▸ **PROBLEM TO WORK ON**
Transcribe the listing below exactly, from its first line through the line with "When a dark". Omit the pictures.

▸ **SOURCE MATERIAL**

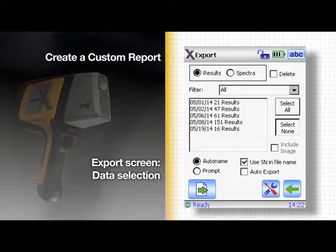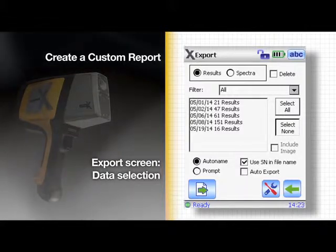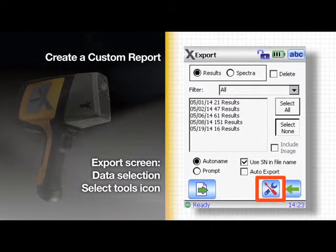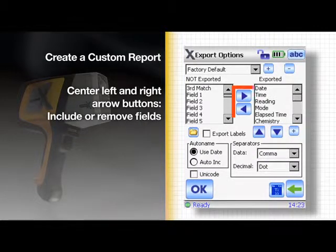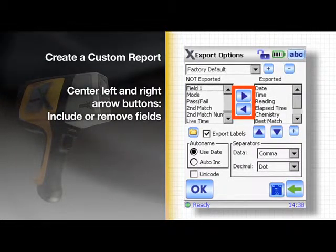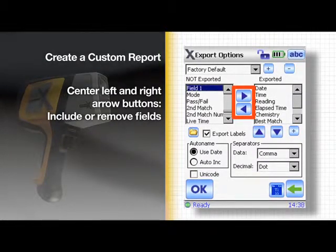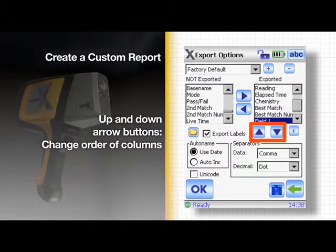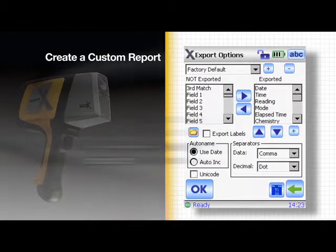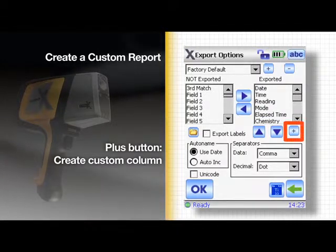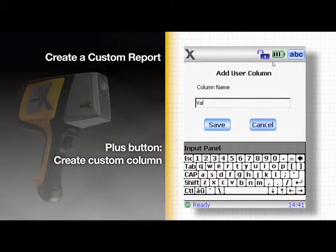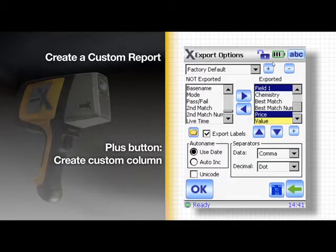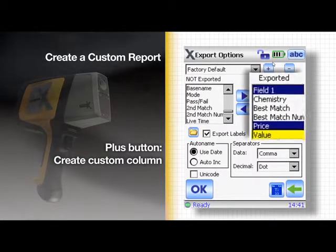Here is where you can select what data you want to export. Select the tools icon again. Use the center left and right arrow buttons to include or remove fields from the report. Use the up and down arrow buttons to change the order of columns displayed. You can tap the plus button to make a custom column of your own — it will be added to your list of exported columns.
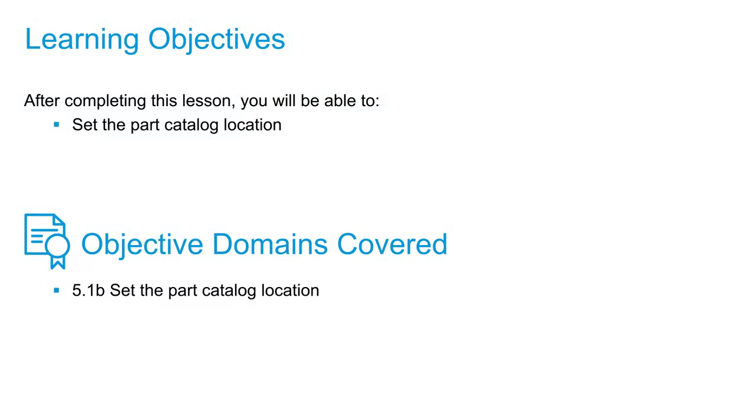Now that we've discussed what a parts catalog is, you need to know where you can find it and how to set a specific catalog to use inside Civil 3D.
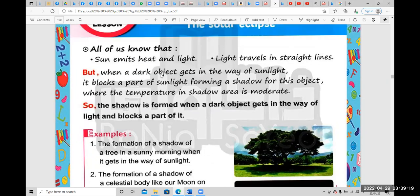When a dark object gets in the way of the sun, it blocks a part of sunlight, forming a shadow.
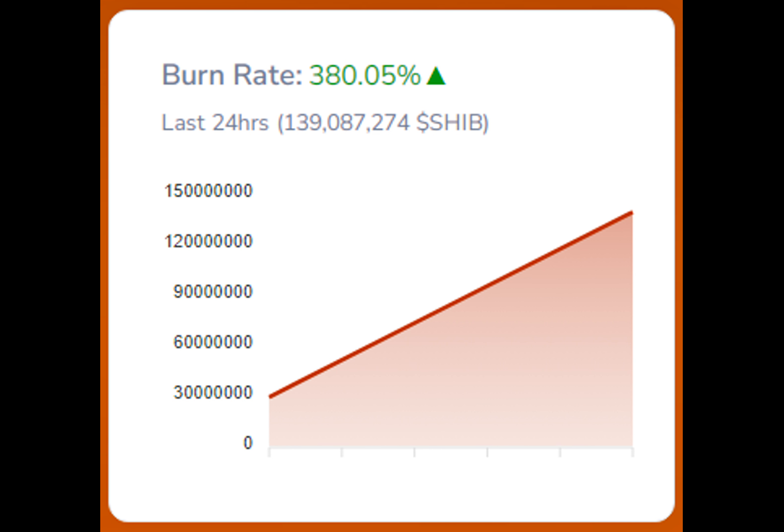In this dynamic and ever-evolving landscape of cryptocurrency, it is essential to closely monitor the interplay between whale activity, burn rates, and market sentiments to gain a comprehensive understanding of the factors influencing the price dynamics of Shiba Inu and other cryptocurrencies.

▸ **EXERCISE ANSWER**
Here is where you can select what data you want to export. Select the tools icon again. Use the center left and right arrow buttons to include or remove fields from the report. Use the up and down arrow buttons to change the order of columns displayed. You can tap the plus button to make a custom column of your own — it will be added to your list of exported columns.
Now that we've discussed what a parts catalog is, you need to know where you can find it and how to set a specific catalog to use inside Civil 3D.
When a dark object gets in the way of the sun, it blocks a part of sunlight, forming a shadow.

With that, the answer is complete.